What the task asks: Copy out the whole listing exactly as written, leaving the pictures behind.

Recorded information:
Segment Open

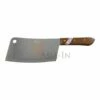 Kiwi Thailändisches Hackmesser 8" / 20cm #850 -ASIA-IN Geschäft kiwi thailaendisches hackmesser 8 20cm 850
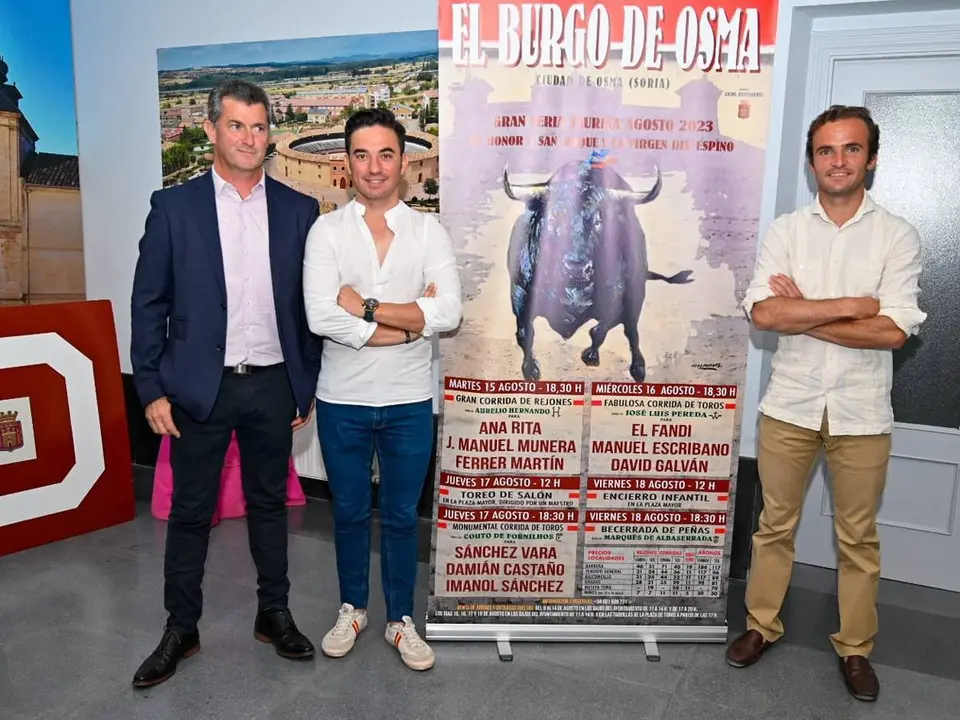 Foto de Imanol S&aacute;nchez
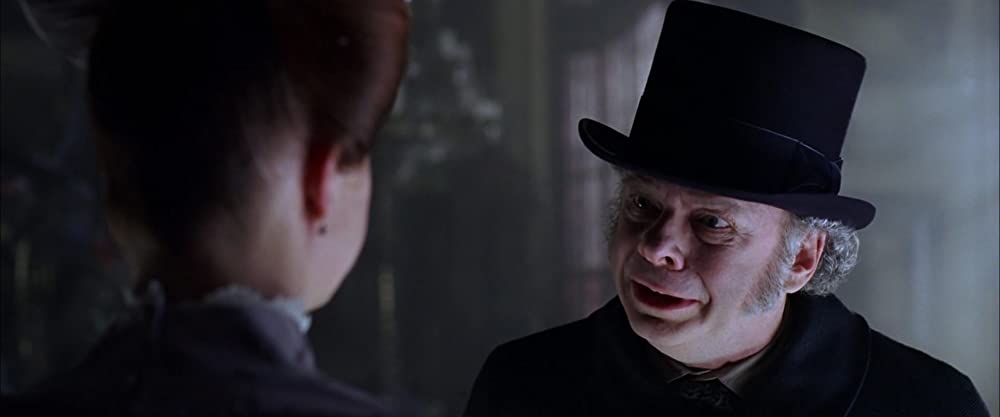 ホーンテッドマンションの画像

Segment Closed

The answer:
 Kiwi Thailändisches Hackmesser 8" / 20cm #850 -ASIA-IN Geschäft kiwi thailaendisches hackmesser 8 20cm 850
 Foto de Imanol S&aacute;nchez
 ホーンテッドマンションの画像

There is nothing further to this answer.